Data analysis is core to almost any role in the knowledge economy. We either do the analysis ourselves, on data that we collected, or try to learn from analysis done by others.

In both cases we are looking for insights — trying to find meaningful patterns in the data that have some functional use — for example: supporting a business decisions.

Many of us are able to tell apart an average from a mean, and have the similar image in our heads of a semi-shaded bell curve, when someone talks about a standard deviation.

But at least in my own case, it seems that I have left behind any functional understanding of deeper statistical concepts somewhere in my second year of undergrad. That is, until some well-intentioned past colleagues have taught me to know better. I’ve been grateful for them ever since.

Of a slightly more extensive list of tools and concepts, I’ve picked two that I view as absolutely critical to master, if we want to have any real chance of success in our quest to discern signal from noise:

**Confidence Interval**** **— measurement is an imperfect process. Focusing solely on point estimates coming out of a measurement exercise (average, mean, etc.) typically creates a false sense of certainty in the accuracy of those estimates. **Confidence intervals show the reliability of point estimates**, by specifying a range within which the parameter is estimated to lie, given a required confidence level (typically 90%, 95%, 99%).

**Two-sample t-test** — behind the scary name lies a critical ideal. Comparative analysis is an essential part of almost every form of data analysis. Often times we care less about an absolute computed value in isolation, and more about understanding its significance in the context of other values. Be it measurement of the same parameter in a different time, in a different population or a different parameter altogether. The two-sample t-test enables us to determine, under a given required confidence level, whether two parameters are indeed different from one another.

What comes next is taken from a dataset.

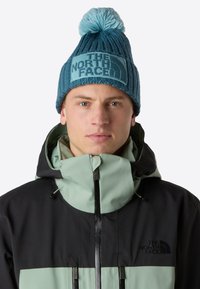 Berretto lavorato a maglia in teal scuro con pom-pom teal chiaro e patch con logo. Il modello indossa una giacca impermeabile nera e verde menta con colletto alto.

Let’s connect these tools with more real world examples:

Suppose, that for whatever reason we’ve decided to run an “employee engagement survey” to regularly measure our employee engagement scores (why that’s a bad idea is a topic for a different time). It’s an overly-simplified survey where we simply ask employees to rate their engagement on a scale between 1 and 7.

We’ve decided that if, on average, we score less than 5 — it means we have an engagement problem and further action must be taken. The survey results came back and the average was 4.8. Should we drop whatever we’re doing right now and start figuring out ways to solve our engagement problem? Well, that depends. Depends on what? Depends on the reliability of that point estimate. How might we go about assessing that? Confidence Interval!

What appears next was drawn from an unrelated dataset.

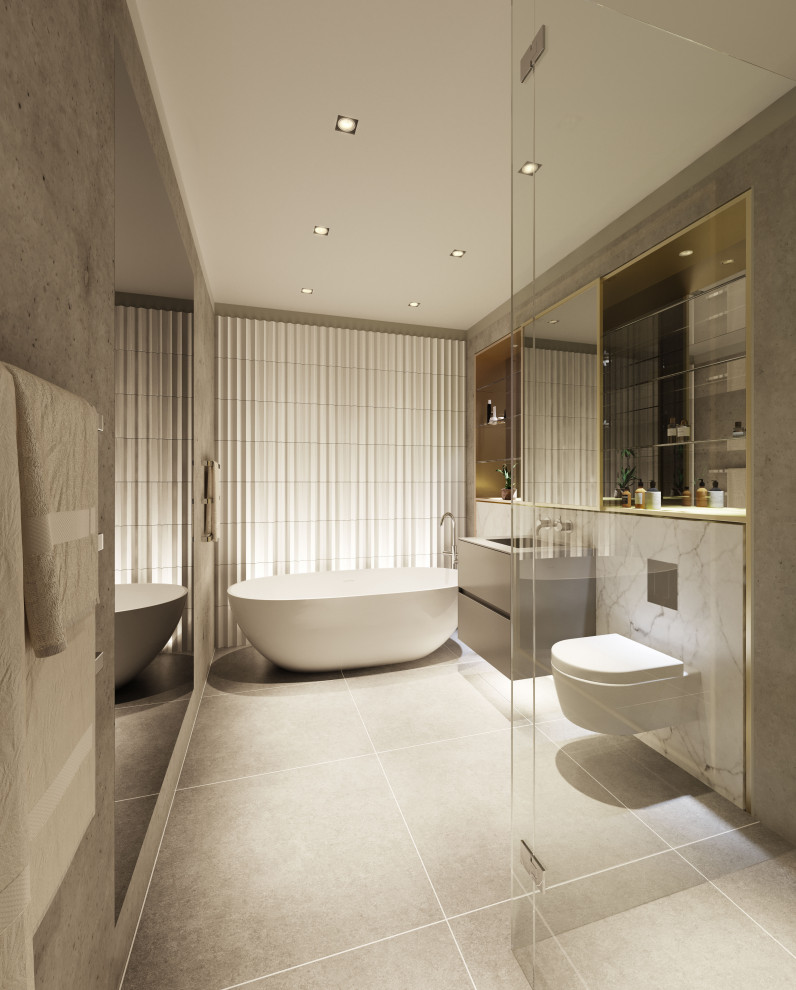 Inspiration for a mid-sized modern master bathroom in London with flat-panel cabinets, grey cabinets, a freestanding tub, a corner shower, a wall-mount toilet, gray tile, porcelain tile, grey walls, porcelain floors, an integrated sink, glass benchtops, grey floor, a hinged shower door, grey benchtops, a niche, a single vanity and a floating vanity.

We also decided to slice the data by department. While the average score for the marketing department was 5.8, the average score for the engineering department was 5.3. Wow! This seems like a serious problem. Should we drop whatever we’re doing right now and start figuring out what’s going on in engineering that their engagement score is so much lower than marketing’s? Well, that depends. Depends on what? Depends on whether those two averages are indeed different. How might we go about assessing that? A two-sample t-test!